During the rain seasons, of which there are two, if banana leaves are not available for makeshift umbrellas, the kids are soaked and sit in a cold classroom most usually with no glass in the windows. So combined with this and the dust it is no wonder there are chest problems. But on hot sunny days, the roofing iron radiates heat. There are no ceiling boards because if there was, over time, the gradual dust buildup would cause them to collapse. So the classrooms can be stifling and a poor learning environment – which is why we promoted trees to offer shade.  

There are times when students are required to work in the school grounds; cultivating, planting/sowing seed and harvesting either beans or maize. Sometimes the harvested grain is used to feed the kids at lunchtime, but more usually it is shared among the teachers because there are times they have to wait for their wages and anyway their earning are low. I recall one time when the students spent the day squashing army worms with their feet! Army worms are actually caterpillars and will eat any vegetation, they arrive in plague proportions, much like locusts! So while the squashing was a reaction, in fact it did little to stop the plague. The school is also required to supply water to the teachers’ accommodation and that means the kids have to cart it and sometimes from afar!

At lunchtime there may be a meal; sponsored by some organisation, or utilising crops grown at the school, sometimes the parent will work collectively, other times the students living nearby may go home for lunch but very often there is nothing! During drought times I have interviewed students and found that on average they went totally without food for three days and after the three days a half-glass of water mixed with a mashed banana was their only sustenance.

After school there are chores to do, and traditionally boys do different work to girls, but if the family doesn’t have the sex mix, the jobs still have to be done. Firewood has to be collected for the cooking fire, water carried, dishes washed from the previous evening meal, feed for the cow or goat has to be collected for those who have zero grazed livestock otherwise shepherding animals so they have full bellies for the night, cleaning out the animal pen and fanya usafi – make clean (the house).

Darkness descends at 7:00pm (saa moja jioni – one o’clock, evening) and most usually there is no lighting! Of course some have electricity, a few kerosene lamps, while others use candles but a majority only have the cooking fire. We were 1500 metres above sea level, 3.3° south of the equator and 450 km from the sea, so the evenings could cool down considerably. The fireplace was therefore the focal point with the evening meal being eaten at around 9:00pm. So homework? Difficult to find time and difficult to complete in the dark. Reading the same, but no worry, there are no books!

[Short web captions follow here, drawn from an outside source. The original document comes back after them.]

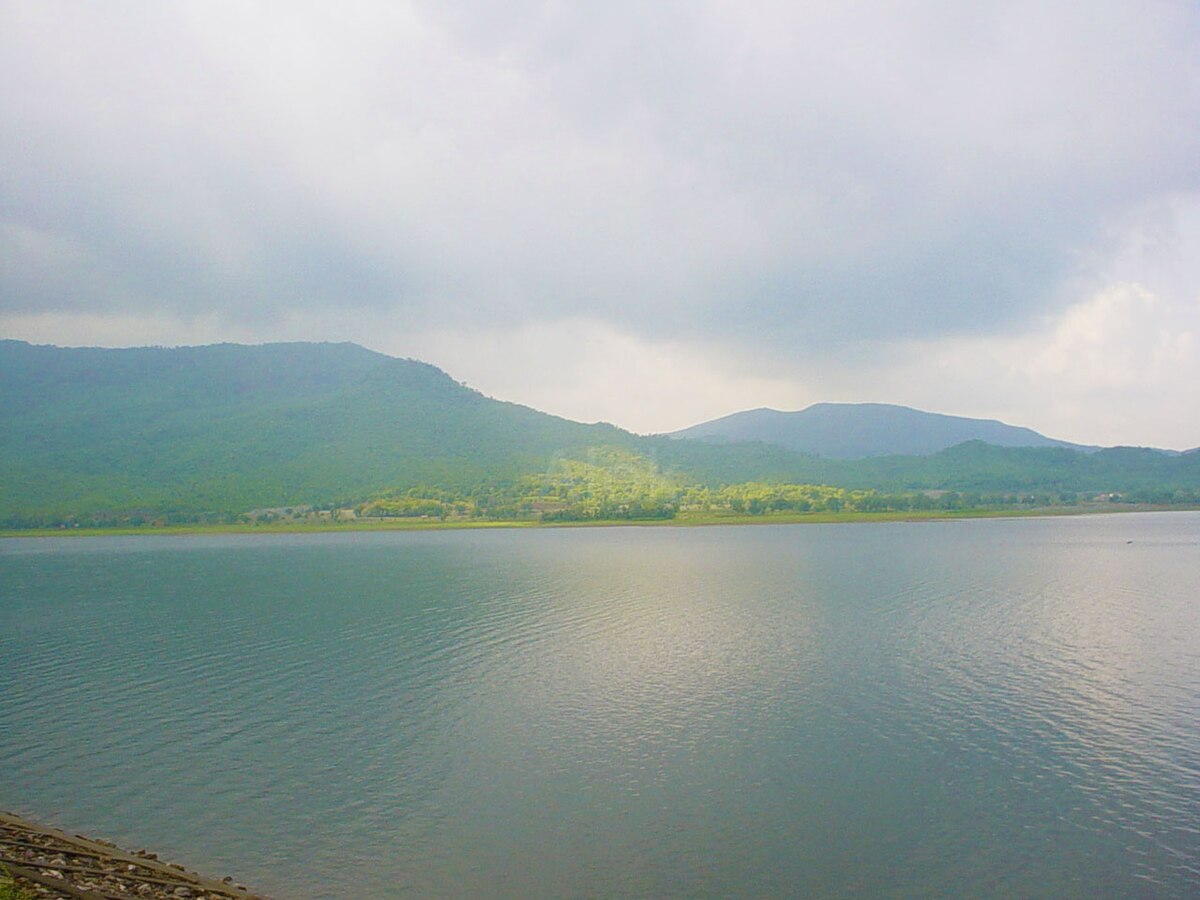 A tranquil lake surrounded by forests and hills.
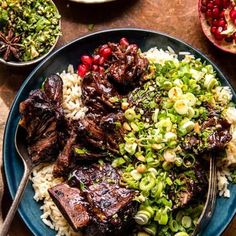 a blue plate topped with meat and rice next to bowls of vegetables on a wooden table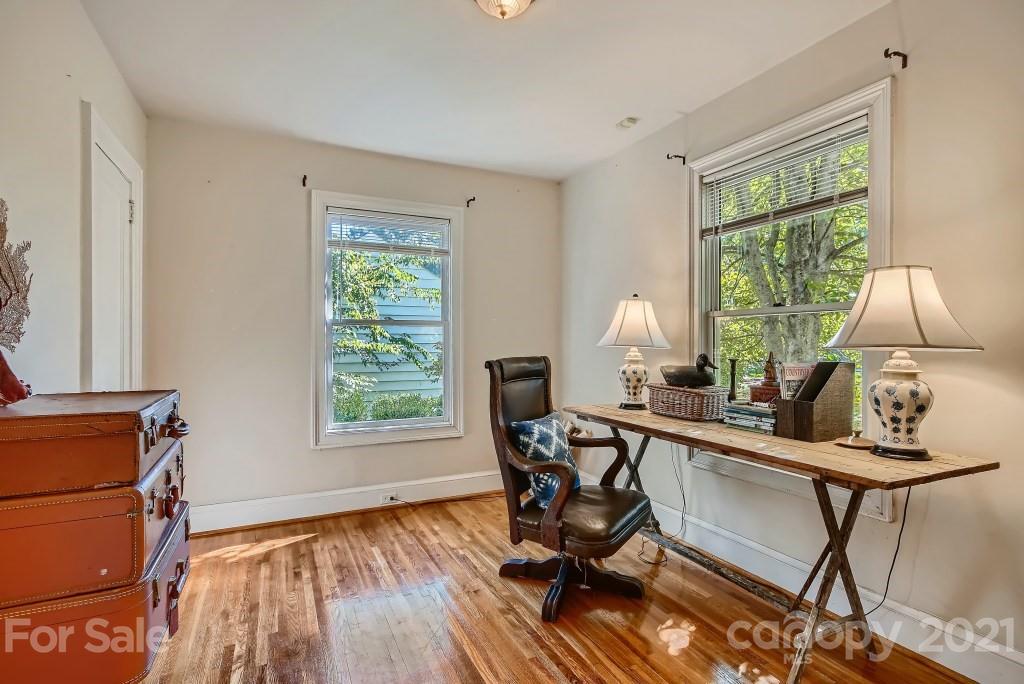 501 Marsh Road Charlotte, NC 28209 - Photo 11 of 27 a view of a workspace with furniture and a window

Teaching standards were variable, especially so in remote schools, where there was difficulty in finding teachers prepared to go there, and those there, didn’t really want to be there, so the standards suffered. Primary schools are taught in Swahili with English as a subject but most schools suffered from a lack of reasonable English teachers. Secondary school on the other hand is taught in English so the students tend to struggle. Teachers wrote lessons on the blackboard, and not being strong English speakers they made errors. Students copied those errors and made errors in tabulation as well! I once translated a year’s worth of Agriculture notes in exercise book from English to Swahili but the errors were not language only. The student passed the exam!

Regardless of teaching standards, the curriculum standards are high. Three English secondary teacher graduates found they could not teach senior students curriculum maths at the local secondary school because the standard was beyond them!

The average student can speak three languages; Swahili, their own tribal language and that of a neighbouring tribe. The majority nowadays have at least a smattering of English. Despite a lack of resources, and the many factors against them, including a lack of the common experience richer countries’ students may take for granted, the Tanzanian students I interacted with were intelligent and somehow happy.